Simplify the attached expression using any relevant logarithmic rules

I haven't really done much with logarithms, so i didnt know where to start?

 

[rl.bhat]

Simplify the attached expression using any relevant logarithmic rules

I haven't really done much with logarithms, so i didnt know where to start?

Given problem can be written as

log(2)⁴ + log(16)^1/4 + log(1/4)² - log(7/4)

Now use laws of logarithm to simplify.

 

[jahaddow]

the problem is I don't know how to do that?

 

[rl.bhat]

the problem is I don't know how to do that?

log(a) + log(b) = log(ab)

log(a) - log(b) = log(a/b)

 

[HallsofIvy]

Simplify the attached expression using any relevant logarithmic rules

I haven't really done much with logarithms, so i didnt know where to start?

the problem is I don't know how to do that?

Then you should start by learning the "relevant logarithmic rules"!

$log(ab)= log(a)+ log(b)$

$log(a/b)= log(a)- lob(b)$

$log(a^b)= b log(a)$

 

[jahaddow]

Can somebody please demonstrate the question?

 

[Tedjn]

No, you need to solve it yourself; you received sufficient help in the previous posts. Follow that advice.

 

[jahaddow]

That advice dosent get me anywhere!

 

[Tedjn]

Post what you have tried so far pertaining to the advice, or post and ask a question regarding the advice. If I asked you to simplify log(a) + log(b), how would you do it?

 

[jahaddow]

well that would be log(ab)

 

[Tedjn]

Yes, so look at the 3 logarithm rules provided by HallsofIvy and apply them to your problem.

 

[jahaddow]

ok so I'm up to log(2^2) + log(16^1/4) + log(1/4^2) - log(7/4)

 

[Tedjn]

Instead of log(2²) it should be something else. Now, continue until you get an expression with only one log.

 

[jahaddow]

yes ok it would be log(2^4), but then I really am stuck on what to do next!

 

[Tedjn]

well that would be log(ab)

Follow your own advice.

 

[jahaddow]

I don't know how to!

 

[rl.bhat]

I don't know how to!

OK.

What is 2⁴, 16^1/4 and 4²?

Substitute these values in my post #2 and simplify by using the relevant equation given by us.

 

[jahaddow]

Would the answer be log(2/1.75)

 

[jahaddow]

Ok, now I have one which is attached.
I have managed to get to this
logx⁴/logx^1/3
What do I do from here?

 

[jahaddow]

Or would it be 12logx?
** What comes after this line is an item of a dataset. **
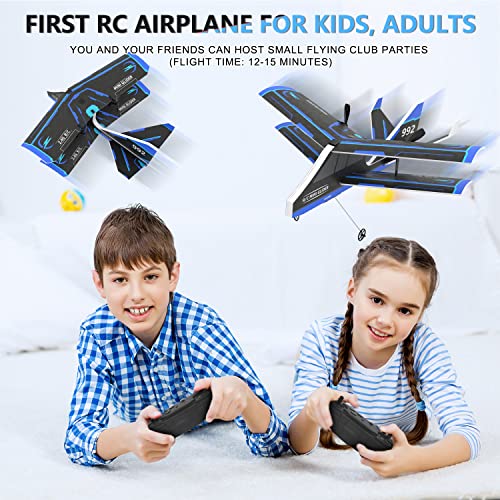 Uleway Avión RC 2.4GHz, Aviones de Control Remoto para Niños y Novatos, Built-in Gyro Avión de Radiocontrol Interno y al Aire Libre, Fácil de Volar Planeador ​de Avión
I don't know.

 

[rl.bhat]

Or would it be 12logx? I don't know.

Your answer for the first problem is correct. But write it as a single number, not in the form of a fraction.

In the second problem from where did you get log(x) along with 12?

 

[jahaddow]

The second problem, I worked out to be just 12 now. But the first problem, 2/1.75 equals a long decimal, so wouldn't I just leave it as a fraction?

 

[rl.bhat]

The second problem, I worked out to be just 12 now. But the first problem, 2/1.75 equals a long decimal, so wouldn't I just leave it as a fraction?

In that case you can write it as 8/7

 

[jahaddow]

Thankyou Very Much! :D

 

[jahaddow]

just one more question, how do I simplify this and express with positive indices.
(18x^3 X 2x^-4)/(4x^-5 X 6x)

 

[rl.bhat]

just one more question, how do I simplify this and express with positive indices.
(18x^3 X 2x^-4)/(4x^-5 X 6x)

$$\frac{36x^3}{x^4}\times\frac{24x}{x^5}$$

Now simplify.

 

[xX-Cyanide-Xx]

could someone plese show a bit more detail with the second problem, where did 12 come from.

 

[rl.bhat]

could someone plese show a bit more detail with the second problem, where did 12 come from.

= $$\frac{4\times3\log{x}}{\log{x}}$$

Now siplify.

 

[xX-Cyanide-Xx]

I missed the step before that. wheres the 3 come from?

Sorry I am really bad at this.

 

[rl.bhat]

I missed the step before that. wheres the 3 come from?

Sorry I am really bad at this.

$$\frac{1}{\frac{1}{3}\log{x}} = \frac{3}{\log{x}}$$